Add logic to lazily remove/add mlocked pages from LRU

This is the core of the patchset. It adds the necessary logic to
remove mlocked pages from the LRU and put them back later. The basic idea
by Andrew Morton and others has been around for awhile.

During reclaim we attempt to unmap pages. In order to do so we have
to scan all vmas that a page belongs to to check for VM_LOCKED.

If we find that VM_LOCKED is set for a page then we remove the page from
the LRU and mark it with SetMlocked. We must mark the page with a special
flag bit. Without PageMLocked we have later no way to distinguish pages that
are off the LRU because of mlock from pages that are off the LRU for other
reasons. We should only feed back mlocked pages to the LRU and not the pages
that were removed for other reasons.

We feed pages back to the LRU in two places:

zap_pte_range: 	Here pages are removed from a vma. If a page is mlocked then
	we add it back to the LRU. If other vmas with VM_LOCKED set have
	mapped the page then we will discover that later during reclaim and
	move the page off the LRU again.

munlock/munlockall: We scan all pages in the vma and do the
	same as in zap_pte_range.

We also have to modify the page migration logic to handle PageMlocked
pages. We simply clear the PageMlocked bit and then we can treat
the page as a regular page from the LRU. Page migration feeds all
pages back the LRU and relies on reclaim to move them off again.

Note that this is lazy accounting for mlocked pages. NR_MLOCK may
increase as the system discovers more mlocked pages. If a machine has
a large amount of memory then it may take awhile until reclaim gets through
with all pages. We may only discover the extend of mlocked pages when
memory gets tight.

Some of the later patches opportunistically move pages off the LRU to avoid
delays in accounting. Usually these opportunistic moves do a pretty good job
but there are special situations (such as page migration and munlocking a
memory area mlocked by multiple processes) where NR_MLOCK may become low until
reclaim detects the mlocked pages again.

So, the scheme is fundamentally lazy and one cannot count on NR_MLOCK to
reflect the actual number of mlocked pages.

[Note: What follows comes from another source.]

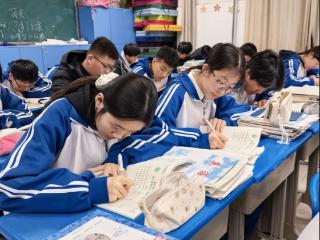 临沂第十七中学举行楷书书法比赛活动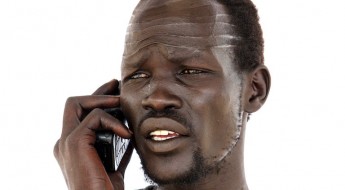 صور جنوب السودان: لديك ثلاث دقائق فقط على الهاتف، بمن ستتصل؟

NR_MLOCK represents the number
*discovered* mlocked pages so far which may be less than the actual number
of mlocked pages.

Signed-off-by: Christoph Lameter <clameter@sgi.com>

Index: linux-2.6.20/mm/memory.c
===================================================================
--- linux-2.6.20.orig/mm/memory.c	2007-02-14 17:07:44.000000000 -0800
+++ linux-2.6.20/mm/memory.c	2007-02-14 17:08:39.000000000 -0800
@@ -682,6 +682,8 @@
 				file_rss--;
 			}
 			page_remove_rmap(page, vma);
+			if (PageMlocked(page) && vma->vm_flags & VM_LOCKED)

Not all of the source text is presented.